I- L’Eucharistie et le sacerdoce ministériel

« Sachant que l’heure était venue pour lui de passer de ce monde à son Père, Jésus, ayant aimé les siens qui étaient dans le monde, les aima jusqu’au bout » (Jn 13,1). Une des manifestations sublimes de cet amour, c’est l’institution de l’Eucharistie. Jésus livre son Corps et son Sang pour le salut de tous. Il permet à tous les chrétiens - de génération en génération - de recevoir son Corps sacré offert volontairement sur la croix. « Prenez et mangez-en tous : ceci est mon corps livré pour vous ; prenez et buvez-en tous car ceci est la coupe de mon sang, le sang de l’Alliance Nouvelle et éternelle qui sera versé pour vous et pour la multitude, en rémission des péchés. Vous ferez cela en mémoire de moi. »

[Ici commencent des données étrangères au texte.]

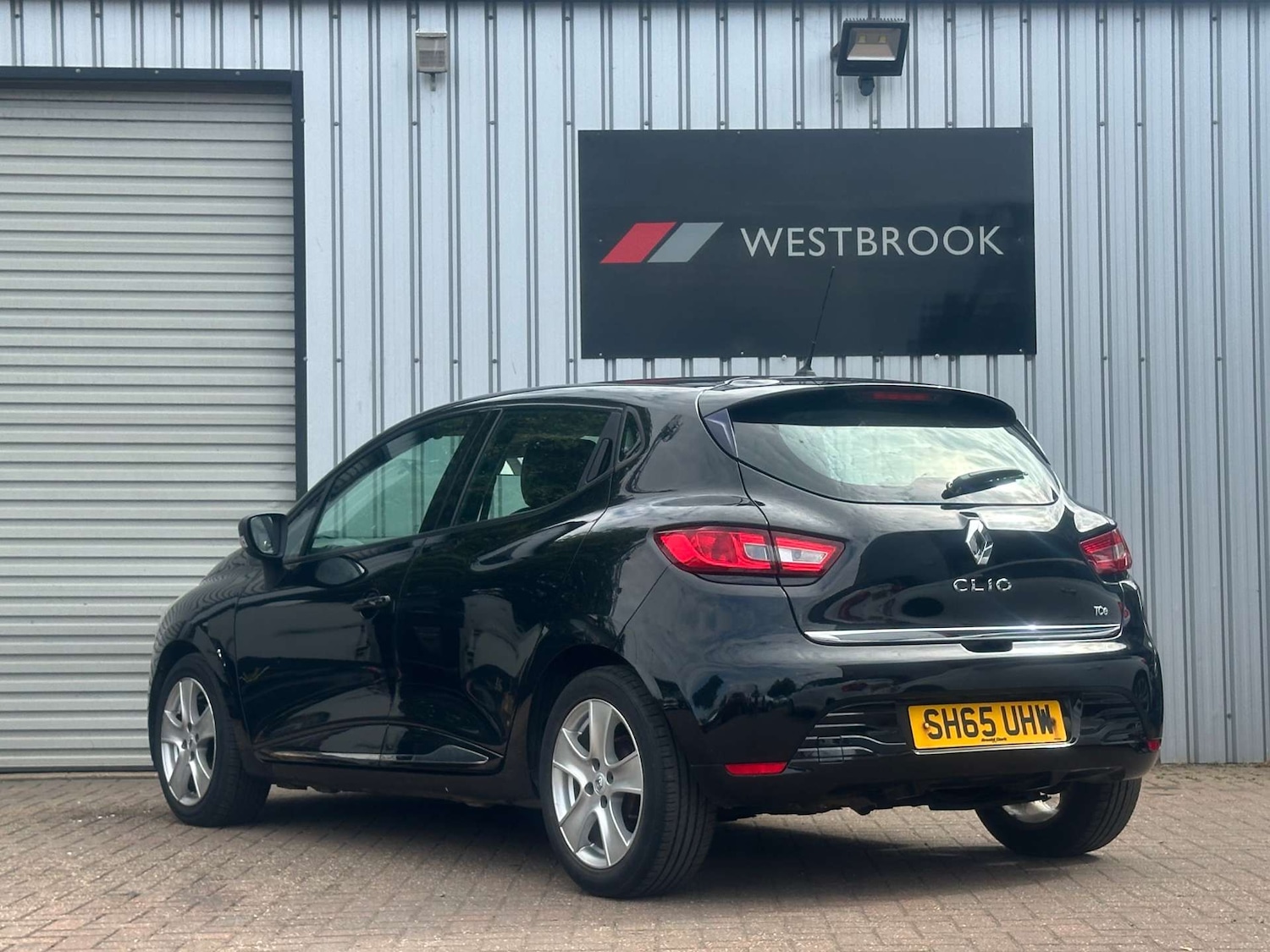 Used Renault Clio 2015 for sale - 77096052: Photo 10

Ces paroles de Jésus lui-même, l’Apôtre Paul, selon une tradition reçue du Seigneur, nous les rapporte dans la deuxième lecture (1 Co 11, 23-26). Prononcées par le prêtre à chaque célébration eucharistique, ces paroles constituent le cœur même du sacrement de l’Eucharistie. Jésus, en effet s’est a offert en sacrifice sur la croix, sacrifice qu’il renouvelle au cours de la Sainte Messe pour devenir nourriture et boisson pour tous les hommes qu’il a tant aimé. L’Eucharistie est la « source et le sommet de la vie chrétienne » (L.G, n. 11), car selon l’enseignement de l’Église, elle « contient (…) l'ensemble des biens spirituels de l'Église, à savoir le Christ lui-même, notre Pâque, le pain vivant, qui par sa chair, vivifiée par l'Esprit Saint et vivifiante, procure la vie aux hommes. » (P.O, n. 5)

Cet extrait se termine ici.